BEGIN Entries shown

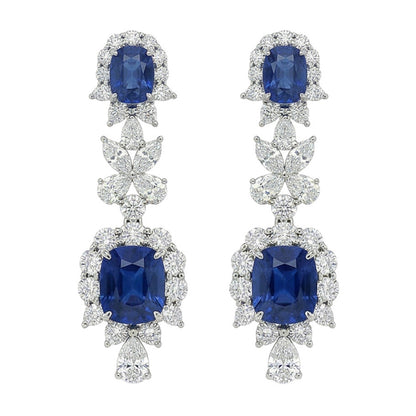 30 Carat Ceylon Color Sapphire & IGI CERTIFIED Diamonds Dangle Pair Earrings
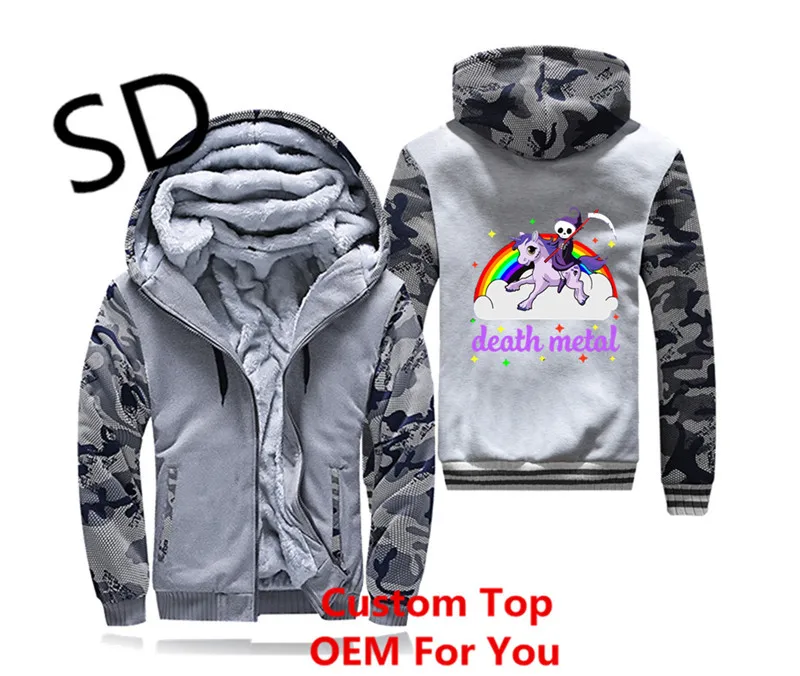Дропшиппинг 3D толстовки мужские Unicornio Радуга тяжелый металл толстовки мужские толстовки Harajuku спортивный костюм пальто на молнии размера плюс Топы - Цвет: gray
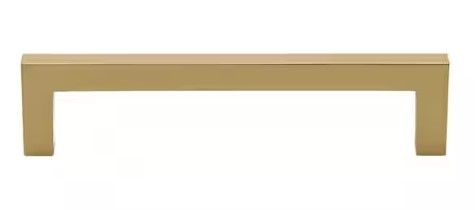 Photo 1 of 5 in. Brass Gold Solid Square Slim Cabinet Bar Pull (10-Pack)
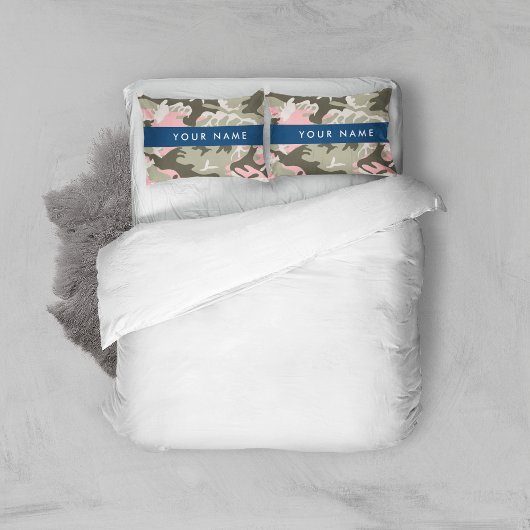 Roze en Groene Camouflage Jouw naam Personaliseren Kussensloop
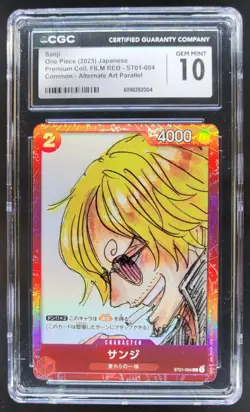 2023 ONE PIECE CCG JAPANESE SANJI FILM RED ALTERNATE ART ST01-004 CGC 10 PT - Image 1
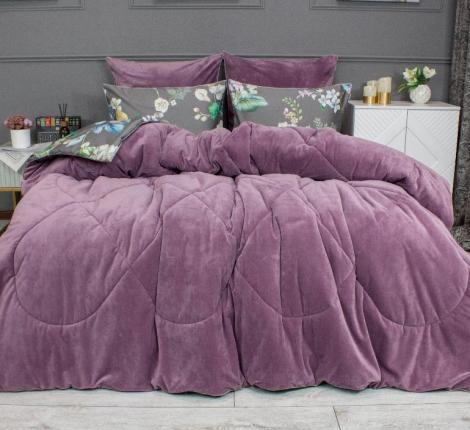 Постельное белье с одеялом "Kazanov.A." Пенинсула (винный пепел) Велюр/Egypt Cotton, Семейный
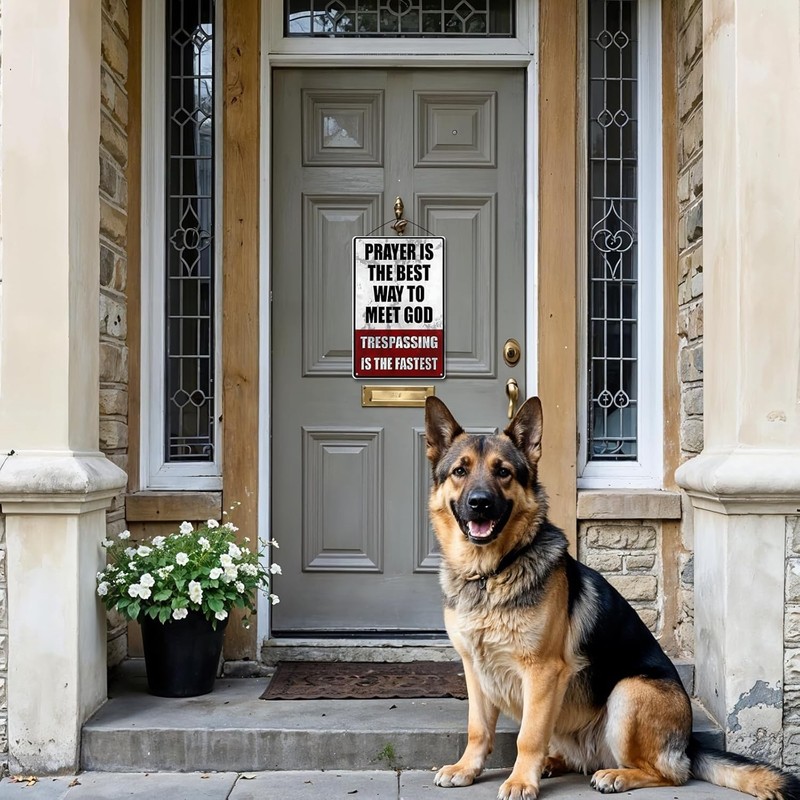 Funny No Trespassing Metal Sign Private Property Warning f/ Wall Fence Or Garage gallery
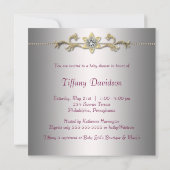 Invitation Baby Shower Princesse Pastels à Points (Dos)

END Entries shown
BEGIN Entries shown

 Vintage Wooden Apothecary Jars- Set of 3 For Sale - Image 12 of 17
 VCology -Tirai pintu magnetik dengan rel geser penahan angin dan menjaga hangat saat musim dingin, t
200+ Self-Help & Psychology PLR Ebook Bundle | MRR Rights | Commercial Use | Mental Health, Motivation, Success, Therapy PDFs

END Entries shown

Task statement: Would you quote everything above from the line containing "VCology -Tirai pintu" down to the line containing "200+ Self-Help &"? Include both of those lines and nothing else.

Output of the task:
 VCology -Tirai pintu magnetik dengan rel geser penahan angin dan menjaga hangat saat musim dingin, t
200+ Self-Help & Psychology PLR Ebook Bundle | MRR Rights | Commercial Use | Mental Health, Motivation, Success, Therapy PDFs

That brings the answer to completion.